Have you ever stopped to think about your hands? Just a palm and five fingers at the end of two
arms. As you look closer you see lines,
which are distinctive to each person who has hands and fingers. Hands are
amazing. How useful our hands are! And
yet we forget to appreciate them.
We use our hands for everyday trivial matters; combing our
hair, greeting a stranger, painting a picture, and to put words on a paper that
will be held as it is read. Hands have been involved in the cause and execution
of historical events… some of which have changed the world.
My father was a mechanic all of his life. He had permanent
stains in the folds of his knuckles, and in his fingerprints. No matter how
hard he scrubbed, the mark of a mechanic was there. His hands were rough and callused.
And he seemed to always have a sore or a cut caused from squeezing his hands into
a machine. And yet my father’s hands were healing hands. He would fix whatever ailments that vehicle
had, and he would do it with patience and care.
On the day they were wed, my Dad took my mother’s hands into
his and vowed to always be there for her, to help fix and heal whatever issues
came along.
On the day that my sister was born, and later myself… he
held our tiny bodies in his hands and promised to heal all of our hurts and
take care of us for as long as he lived.
As we grew, he did just that. He held our hands as we walked beside him. He
cared for our cuts, scrapes, and even the emotional bruises. I can recall so many
times that he would pat us on the shoulder and tell us that we were good kids
and he was proud of us. His hands, along
with his arms, would wrap around us as he would say that he loved us. We would
watch as he would take my mother into his arms to hug and kiss her at random
moments, “just because”.
As a little girl, I spent much of my time in the garage with
him. As I grew taller, I was able to reach the pedals and all the pretty little
knobs across the dash, which meant I could finally help him! When I could
finally stand next to the car and see into the belly of the beast that lies
under the hood... that’s when I was allowed to hold the flashlight in my hands,
and help Dad see what he was doing with his. And so he began to teach me how to
care for cars, the way he cared for them; teaching me that caring for a machine
meant that the machine would care for you.

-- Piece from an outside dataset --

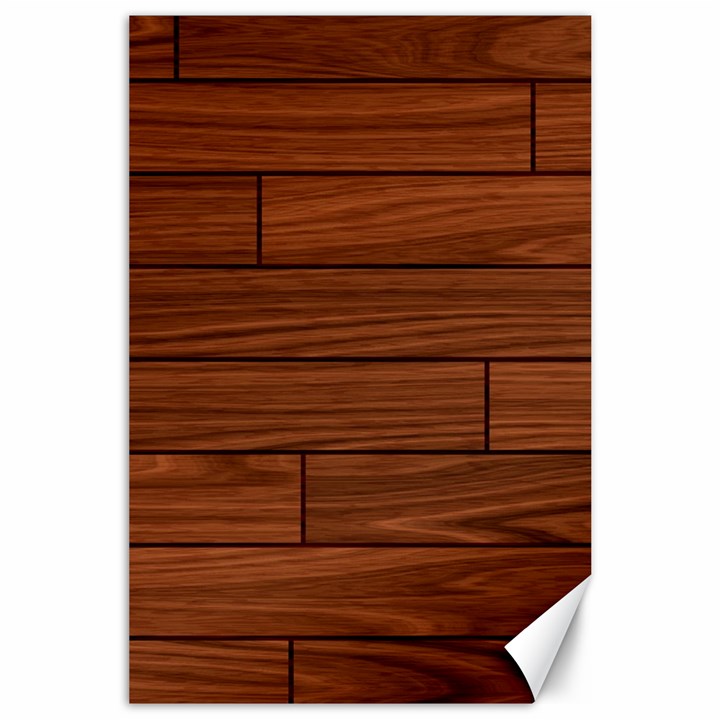 Seamless Wooden Planks Brown Wooden Background Canvas 24  x 36 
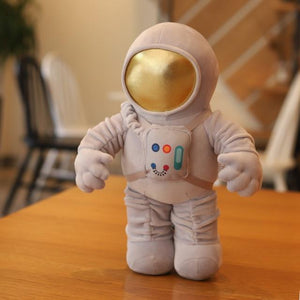 Planet Gates 60cm / grey with bag Lovely Space astronaut doll rocket plane plush toy doll doll boys pillow children's birthday gift stuffed animals  kawaii plush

Dad took my little hands into his, and guided them.
I can recall a time when we were camping and had taken a
4-wheel ATV with us. I was still quite small, but just tall enough to reach the
handlebars and the pedals… I was also old enough to recognize that the letters "S-T-A-R-T" meant that the engine would fire up. Dad used his hands to propel himself up and
out of the lawn chair that he was sitting in.
As children sometimes do, we continued to grow. When my
heart was broken by my first high school crush, it was my Daddy’s hand that
gently wiped the tear from my cheek reminding me that I would always be loved,
no matter what the world did to me.
As a teenager I remember our family vacations consisted of
road trips through the South. Dad’s hands would grip the steering wheel as he
guided the large RV on the interstate and mountain roads, while I sat next to
him, reading the map. As a family on vacation, touring museums and towns- I
would purposely walk behind my parents because seeing my parents holding each other’s
hand was my favorite view.
When I moved away from home, it was Daddy’s hands that took
mine and my mother’s as we prayed together before I left. And his hands would
wave in the air enthusiastically every time I returned for visits. Even as adults, daddy’s hands would continue
to frequently pat my sister and I on the shoulder and hug us as he told us that
he was proud of us and that he loved us.
In 2006, Dad went to the ER on Thanksgiving Day due to pain
that he believed was caused by kidney stones. The stones were there but there
was something more. Doctors discovered a
mass on his kidney and therefore removed his kidney later that day. But his
blood levels continued to show signs of cancer and Prostate Cancer was the next
to appear.
The Cancerous cells then metastasized and spread across his spine and skull. The Chemotherapy he was taking affected his nerves and sat him down in a
wheelchair for around a month. His only
complaint? He couldn’t reach the things that needed fixing.
It didn’t take long before Dad decided that he did not want
to live the rest of his life confined to a wheel chair, and he refused to continue the chemotherapy. As the chemicals cleared his body, his strength started to come back and he
was able to walk again. Everything
appeared to be well, but the threat of cancer was still very strong.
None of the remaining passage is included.